Pictures with short captions:
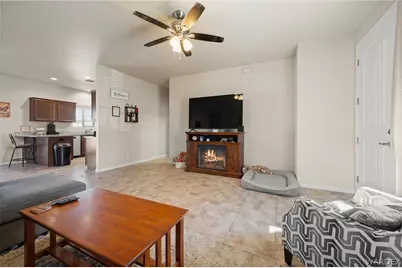 3609 Oak Cliffs Avenue, Kingman, AZ 86401 - Photo 6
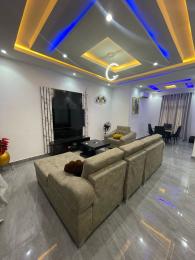 3 bedroom Block Of Flats Short let Gra Ikeja Ikeja GRA Lagos 3 bedroom Block Of Flats Short let Gra Ikeja Ikeja GRA Lagos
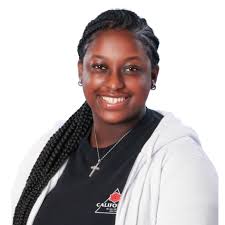 Specials Teachers — Bethany Christian School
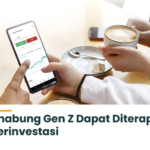 Aplikasi Keuangan Terbaik untuk Generasi Muda 2025: Biar Dompet Aman & Masa Depan Cerah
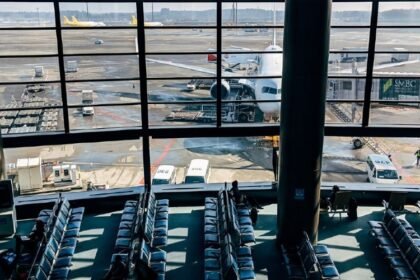 Airport waiting area.jpg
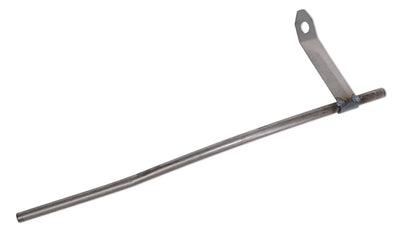 Slip-in Oil Pan Dipstick Tube, 289/302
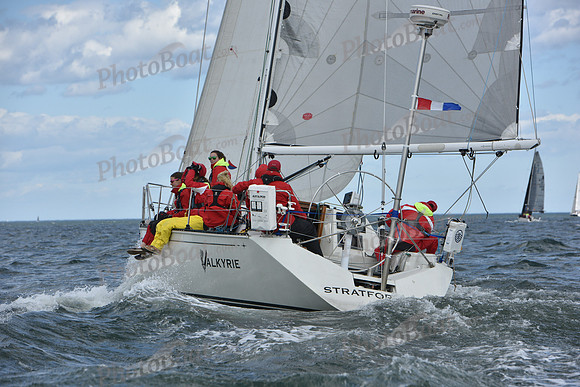 2019 Block Island Race_0604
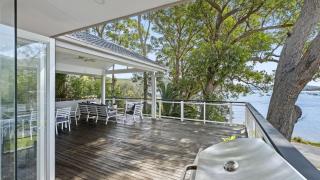 Bayview At Hardys Bay - Hardys Bay - 2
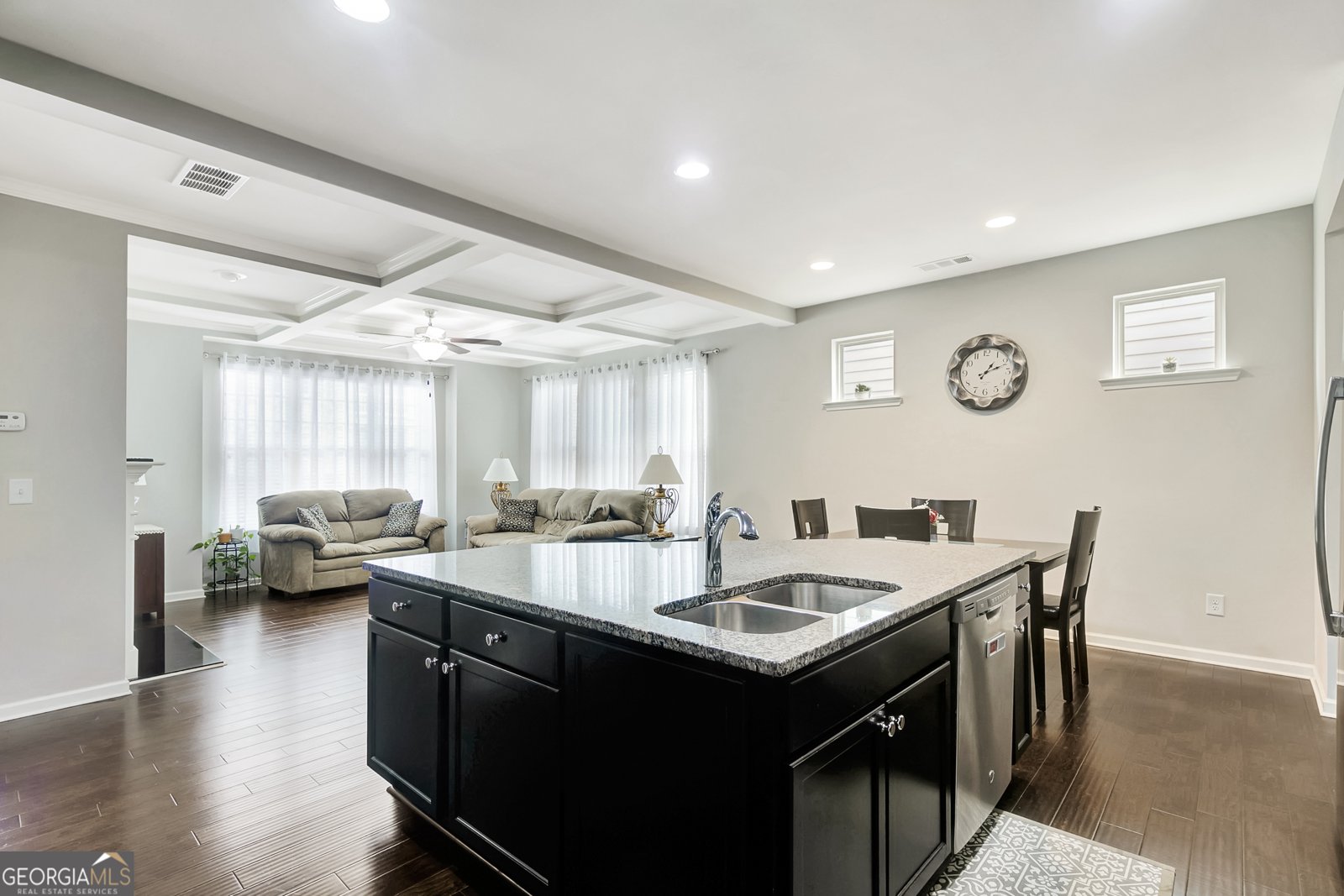 7765 Rutgers Circle Fairburn - Photo 21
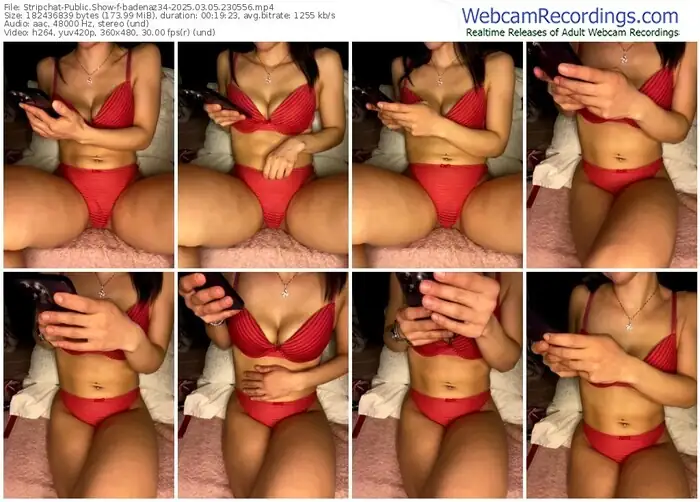 stripchat-badenaz34-03-05-2025-23-05-56
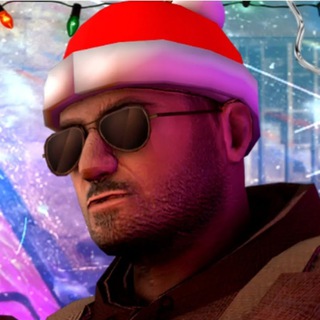 Telegram profile photo for Выводы Голда Standoff 2 Промокоды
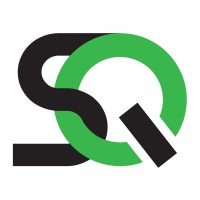 SolarQuote Installation & Maintenance Logo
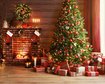 thumb-image-2024-02-29T14:05:55.642Z
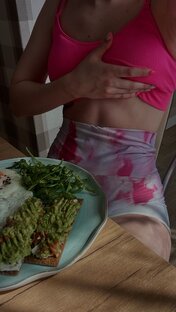 Рецепты🫶🏻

Required work: Exact repetition is the task: every line from the start of the data to the line with "stripchat-badenaz34-03-05-2025-23-05-56", inclusive, and none after it, pictures omitted.

Exercise output:
 3609 Oak Cliffs Avenue, Kingman, AZ 86401 - Photo 6
 3 bedroom Block Of Flats Short let Gra Ikeja Ikeja GRA Lagos 3 bedroom Block Of Flats Short let Gra Ikeja Ikeja GRA Lagos
 Specials Teachers — Bethany Christian School
 Aplikasi Keuangan Terbaik untuk Generasi Muda 2025: Biar Dompet Aman & Masa Depan Cerah
 Airport waiting area.jpg
 Slip-in Oil Pan Dipstick Tube, 289/302
 2019 Block Island Race_0604
 Bayview At Hardys Bay - Hardys Bay - 2
 7765 Rutgers Circle Fairburn - Photo 21
 stripchat-badenaz34-03-05-2025-23-05-56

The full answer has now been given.